Le corpoworking, nouveau mode d’organisation du travail ?

Plutôt que d’encourager le télétravail à domicile, source d’inégalité, Action Logement projette de créer quatre espaces de corpoworking aux quatre points cardinaux de Toulouse. L’objectif est d’améliorer le quotidien des salariés et de faciliter la vie des employeurs. 

Le corpoworking quèsaco ? Un mot valise, contraction de corporate et de coworking, un nouveau type d’espace de travail qui emprunte aux tiers-lieux et autres espaces de coworking leurs principaux atouts, à savoir la flexibilité, l’échange et l’animation.

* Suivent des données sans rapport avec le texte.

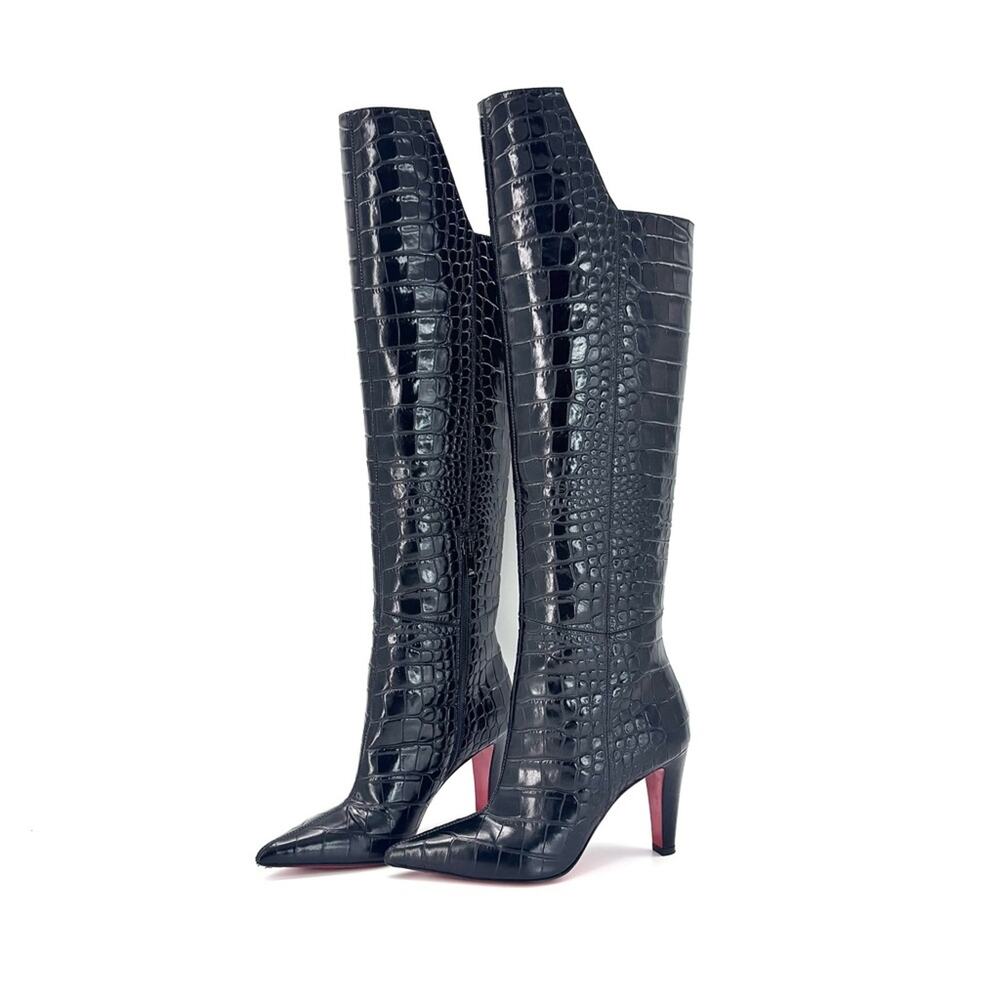 Christian Louboutin Slimini Botta Croc Emboss Knee High Pointed Toe Boots 36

À ceci près que les entreprises et grands groupes sont les principaux clients de ces nouvelles entités, ce qui est rarement le cas dans les structures traditionnelles. Offre de service innovante, l’espace de corpoworking combine ainsi les avantages des uns (mutualisation des ressources, mise à disposition d’espaces de travail communs) tout en permettant aux entreprises adhérentes de disposer d’un espace dédié à leurs collaborateurs, à l’image d’un bureau de proximité. Dans la région, d’ici 2022, quatre espaces de corpoworking devraient ainsi voir le jour sous l’impulsion d’Action Logement, dont le directeur régional, François Magne, a présenté les détails du projet à l’occasion de la dernière Mêlée numérique. 

« AUX QUATRE POINTS CARDINAUX DE TOULOUSE » 

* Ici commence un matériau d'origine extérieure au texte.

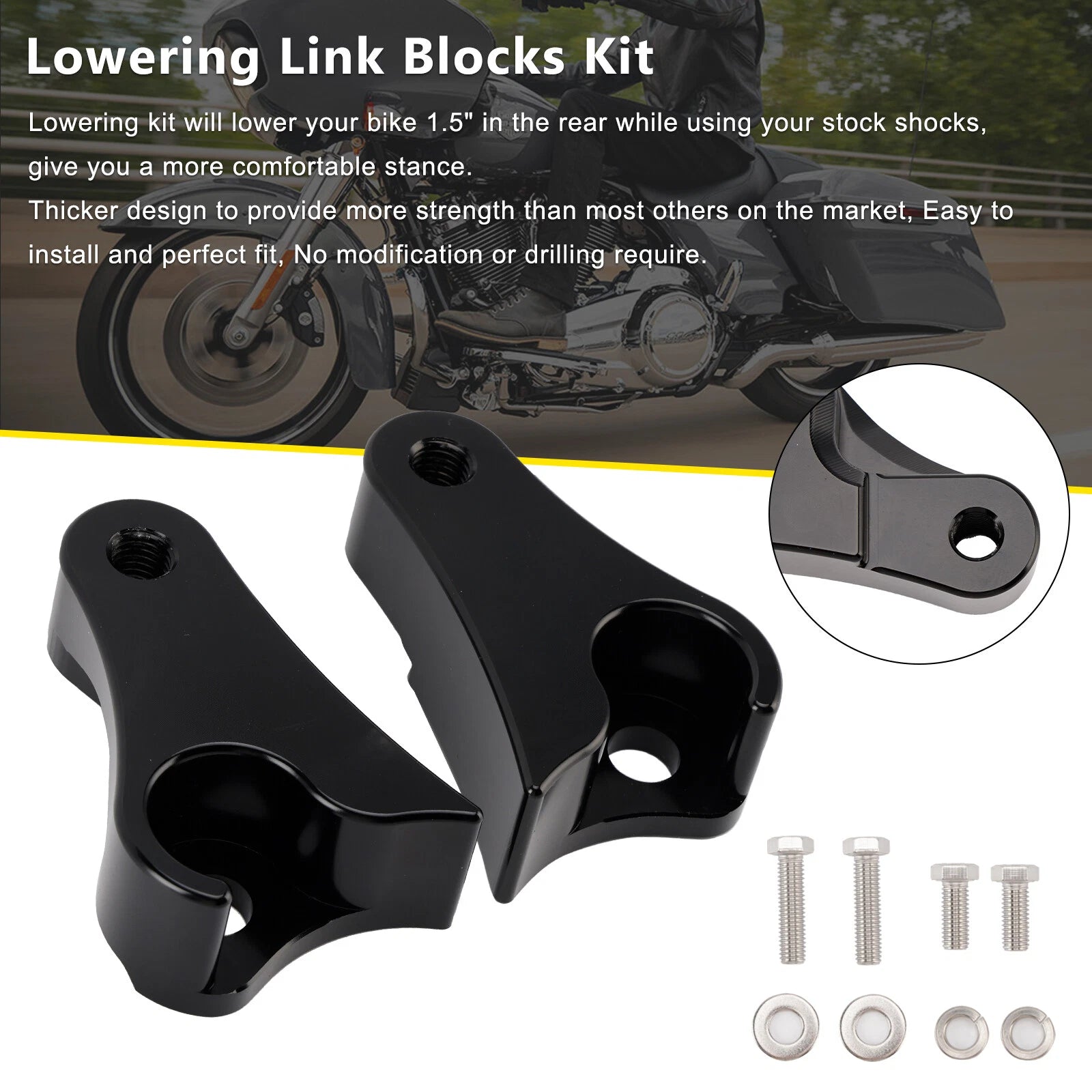 1.5" Lowering Link Blocks Kit for Harley Touring Street Glide Road King Electra (2009–2025)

Acteur de référence du logement social et intermédiaire en France, Action Logement, qui gère paritairement la Participation des employeurs à l’effort de construction (PEEC) – le fameux 1 % logement, devenu 0,45 % au fil des ans –, planche sur le sujet depuis 2017 et l’adoption des ordonnances sur le télétravail. Des travaux que la crise sanitaire a évidemment accélérés. « Nous avions l’habitude de travailler sur la problématique du rapprochement domicile/travail afin de permettre aux salariés un accès à l’emploi le plus facile possible. Constatant que nous sommes dans une région où la fibre et le haut débit sont assez développés, que nous allons vers une dématérialisation de plus en plus poussée des échanges, nous nous sommes dit qu’il y avait une carte à jouer. » D’autant, que poursuit François Magne, « après avoir été longtemps centrés sur des zones très tendues où le besoin de logements était le plus difficile à satisfaire pour les salariés, depuis quelques années nous reprenons pied dans des territoires plus ruraux, en participant à des politiques comme Action Cœur de ville, dans les villes moyennes. » La réflexion menée par le comité régional Action Logement Occitanie et sa commission logement résilient autour de la création de ces espaces de corpoworking en périphérie de la métropole vise ainsi à répondre à de multiples enjeux : réaménagement du territoire, lutte contre la pollution, amélioration de la qualité de vie, etc. « Le déplacement le plus utile, c’est celui que l’on ne fait pas, ajoute le directeur régional d’Action Logement. Cela permet de limiter l’engorgement des métropoles tout en redonnant du temps aux salariés. »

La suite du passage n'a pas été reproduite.